BILLET n° 203 – LARBI MERHOUM ET ALVARO SIZA

Le 24 janvier, lors des « Nuits de la lecture », une manifestation annuelle organisée par le Centre national du livre (CNL), dans l’étonnante librairie Tiers-Mythe de la rue Cujas j’ai lu deux courts textes en lien avec l’Algérie, le premier est la description d’un village isolé près de Sétif, le second est une réflexion à propos du legs de l’architecture coloniale.

Le premier est un roman de Boualem Sansal intitulé « Le village de l’Allemand, ou le journal des frères Schiller ». Le narrateur, âgé d’une trentaine d’années, envoyé très jeune en France chez un oncle, redécouvre le village de son enfance. Nous sommes en 1994, leurs habitants ont été sauvagement assassinés par des islamistes, ce que ces derniers réfutent, mettant ce massacre sur le dos des autorités. Parmi les victimes, le parents du narrateur.

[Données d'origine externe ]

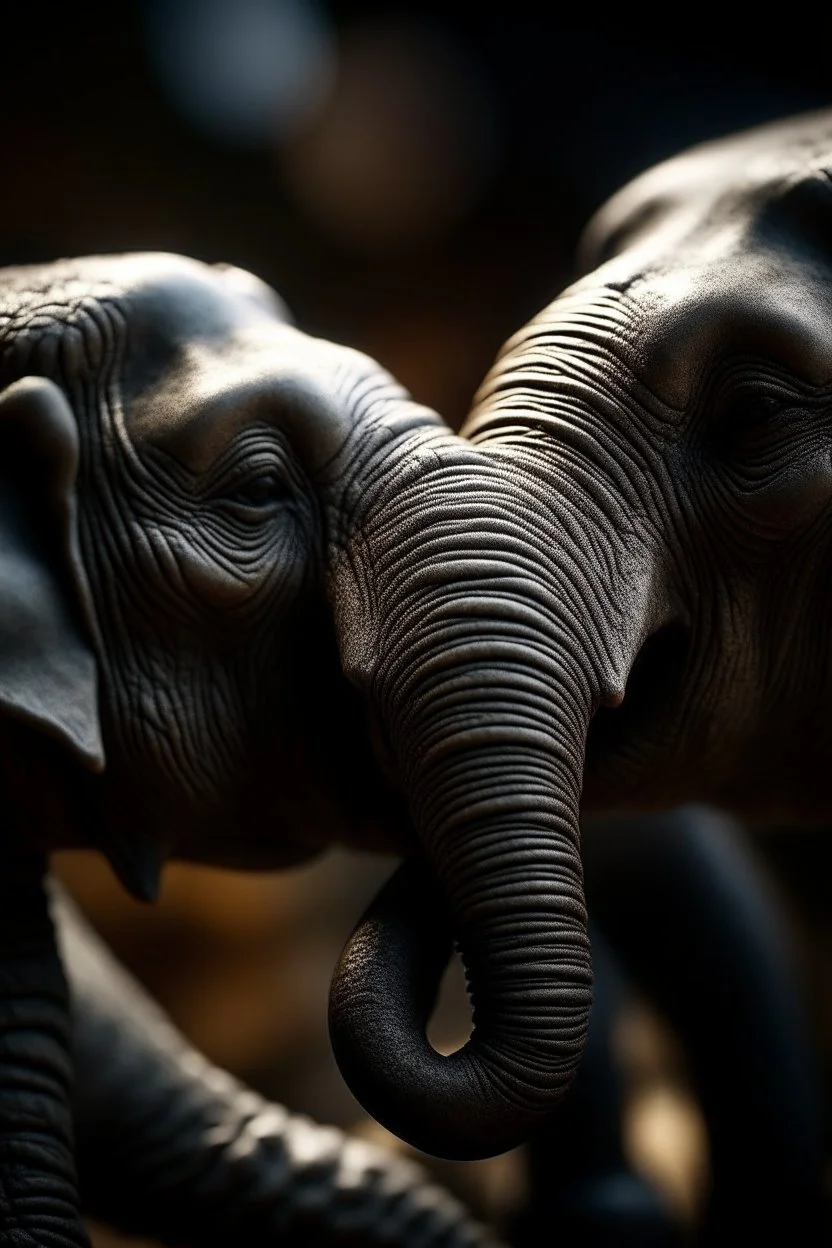 macro photo of elephants kissing over swirls,shot on Hasselblad h6d-400c, zeiss prime lens, bokeh like f/0.8, tilt-shift lens 8k, high detail, smooth render, down-light, unreal engine, prize winning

Son père est allemand, un ancien nazi actif dans les camps d’extermination, puis devenu instructeur aux côtés du FLN et à ce titre ancien moudjahidin ; sa mère est algérienne, native du village.

Le second, « Palabres algéroises », est une conversation sur l’architecture et l’urbanisme entre deux architectes algériens, Habib Benkoula et Larbi Merhoum, ce dernier une des figures importantes de l’architecture contemporaine en Algérie. Dans le passage lu, ils évoquent le legs de l’architecture coloniale. Dans ce livre, « Palabres algéroises » (1) , Merhoum et Benkoula se livrent à un numéro de questions/réponses, une « conversation sur l’architecture » comme le complète justement le titre, qui parfois ressemble plus à un monologue.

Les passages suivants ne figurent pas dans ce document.